■ INSTRUCTIONS FOR THE TASK: With the pictures left aside, write out exactly the lines of the listing below from the line with "Time To Inspire" to the line with "La Fidejussione, Considerata", both included, and only those.

■ RECORDS SHOWN:
*** Block opens ***
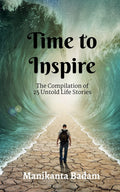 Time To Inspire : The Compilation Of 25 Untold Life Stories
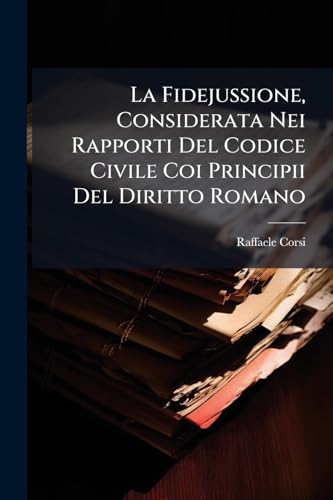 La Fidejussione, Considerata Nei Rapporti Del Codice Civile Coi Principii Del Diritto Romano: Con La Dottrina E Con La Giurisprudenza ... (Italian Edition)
*** Block closes ***
*** Block opens ***
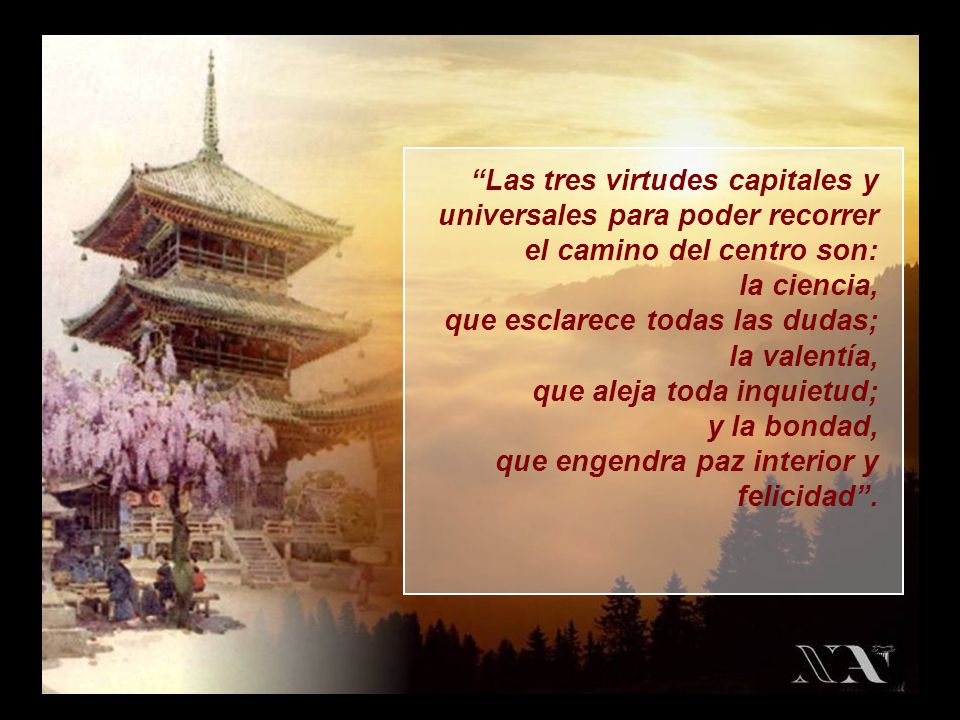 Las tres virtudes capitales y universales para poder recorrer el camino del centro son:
*** Block closes ***
*** Block opens ***
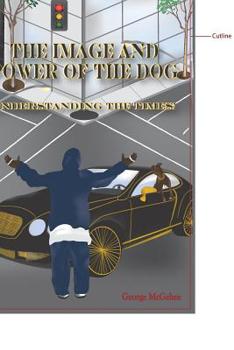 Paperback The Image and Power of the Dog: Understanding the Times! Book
*** Block closes ***
■ RESPONSE AREA:
 Time To Inspire : The Compilation Of 25 Untold Life Stories
 La Fidejussione, Considerata Nei Rapporti Del Codice Civile Coi Principii Del Diritto Romano: Con La Dottrina E Con La Giurisprudenza ... (Italian Edition)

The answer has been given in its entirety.